What to do: Please copy, exactly as they appear below, the lines from the one containing "Interiér LED reflektor" through the one containing "NETTO PENDANT 1XE27".

Provided data:
::::::::::
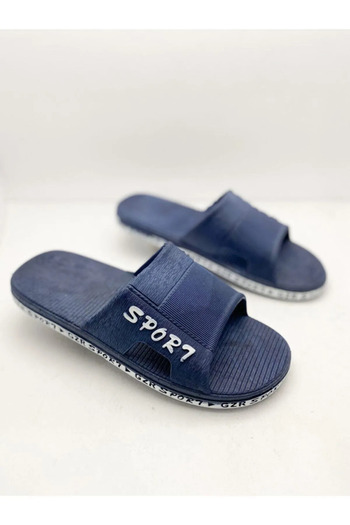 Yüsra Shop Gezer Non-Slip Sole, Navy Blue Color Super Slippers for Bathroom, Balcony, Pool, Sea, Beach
::::::::::
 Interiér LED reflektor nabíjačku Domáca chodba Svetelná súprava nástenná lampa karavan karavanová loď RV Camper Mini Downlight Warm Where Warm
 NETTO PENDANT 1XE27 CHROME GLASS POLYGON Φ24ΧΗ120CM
::::::::::
Answer space:
 Interiér LED reflektor nabíjačku Domáca chodba Svetelná súprava nástenná lampa karavan karavanová loď RV Camper Mini Downlight Warm Where Warm
 NETTO PENDANT 1XE27 CHROME GLASS POLYGON Φ24ΧΗ120CM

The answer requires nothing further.